The exact question is here
A whole number is equal to the arithmetic mean of all the numbers obtained from the given number with the aid of all possible permutation of its digits. Find all whole numbers with that property.
Answer
Take $k=a_n\cdot10^{n-1}+a_{n-1}\cdot10^{n-2}+\dots+a_2\cdot10^1+a_1\cdot10^0$
The sum of all the possible permutation of k is:
$$\frac{(n-1)!}{m}\cdot(a_n+a_{n-1}+\dots+a_1)\cdot\underbrace{111\dots111}_{n\text{ 1's}}$$
With $m$ being the divisor if any of $a_n, a_{n-1}, \dots , a_1$ are the same.

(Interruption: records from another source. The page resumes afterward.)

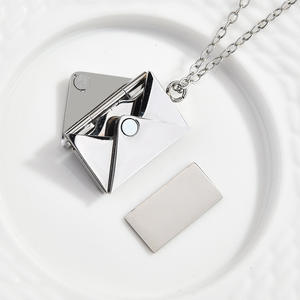 Collar de <span class=keywords><strong>Pareja</strong></span> con Colgante de Sobre de Acero Inoxidable, Cadena de Clavícula Moderna con Grabado Láser Personalizado, Regalo de Cumpleaños - Product Image 4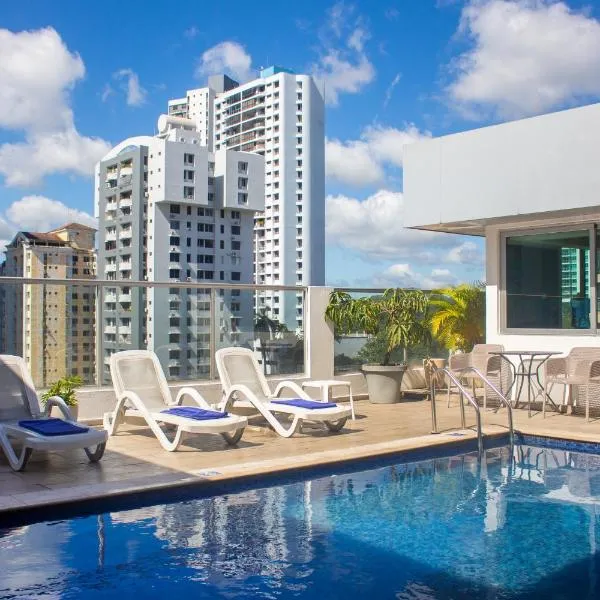 Ramada by Wyndham Panama Centro Via Argentina, hotel v Panama Cityju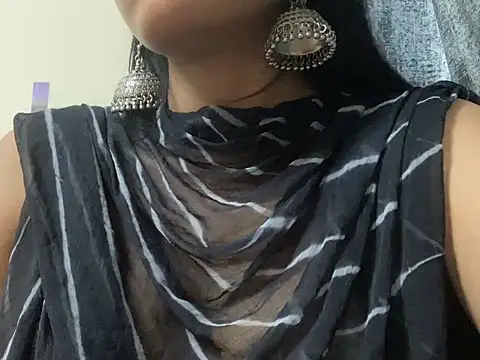 SEXY PRIYA83 online show from June 26, 2026, 7:07 pm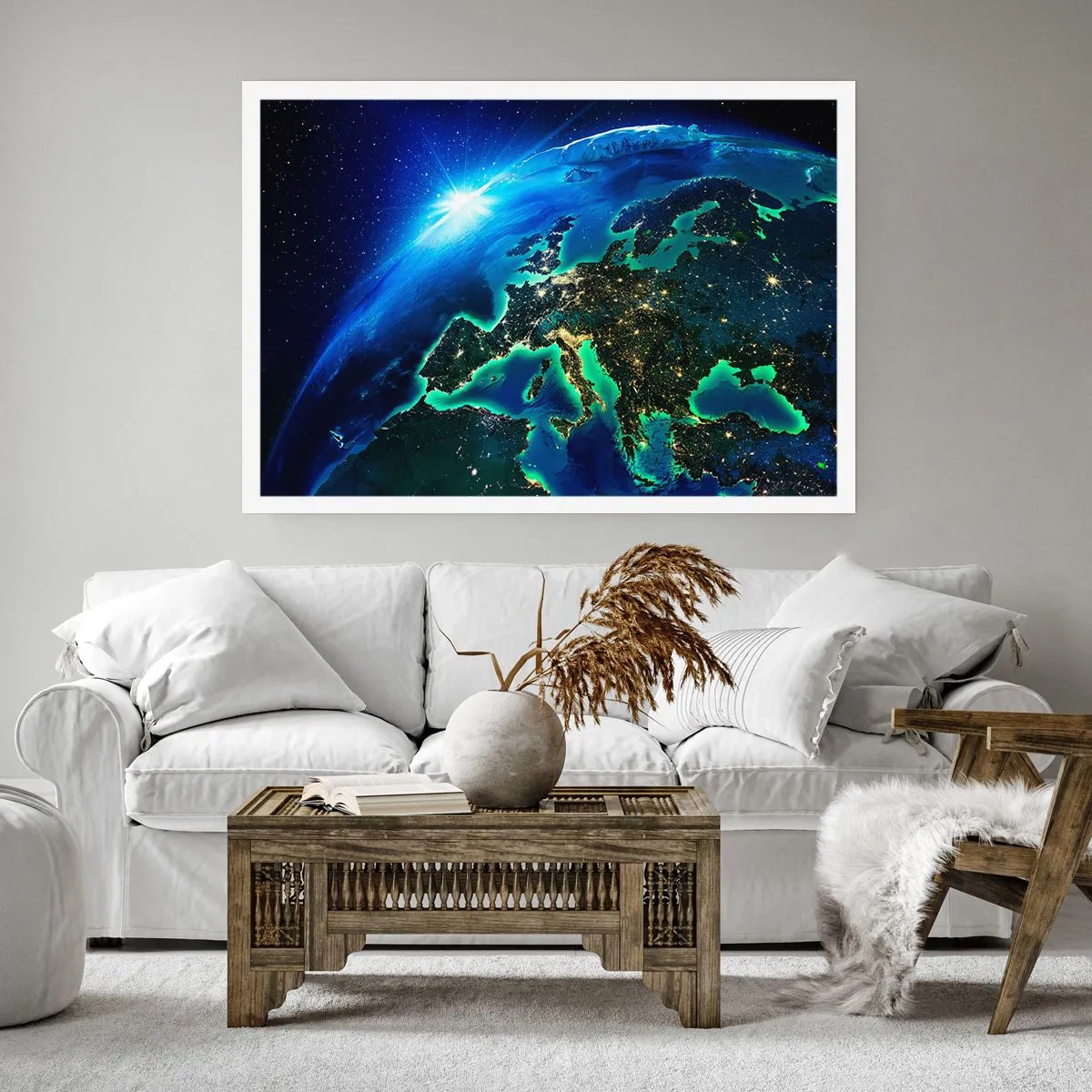 Poster - Ein Blick auf Europa aus dem Weltraum im Schein der aufgehenden Sonne. - 100x70cm - Funkelndes Europa - Moderne Wanddekoration für Wohnzimmer und Schlafzimmer ARTTOR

The average of all the possible permutation of k would be:
$$\frac{\frac{(n-1)!}{m}\cdot(a_n+a_{n-1}+\dots+a_1)\cdot\underbrace{111\dots111}_{n\text{ 1's}}}{\frac{n!}{m}}\\=\frac{\underbrace{111\dots111}_{n\text{ 1's}}\cdot(a_n+a_{n-1}+\dots+a_1)}{n}\\=k=a_n\cdot10^{n-1}+a_{n-1}\cdot10^{n-2}+\dots+a_2\cdot10^1+a_1\cdot10^0
$$
Now i got the mean, however I'm not sure how to continue.
Can someone help me with this?
Thank you.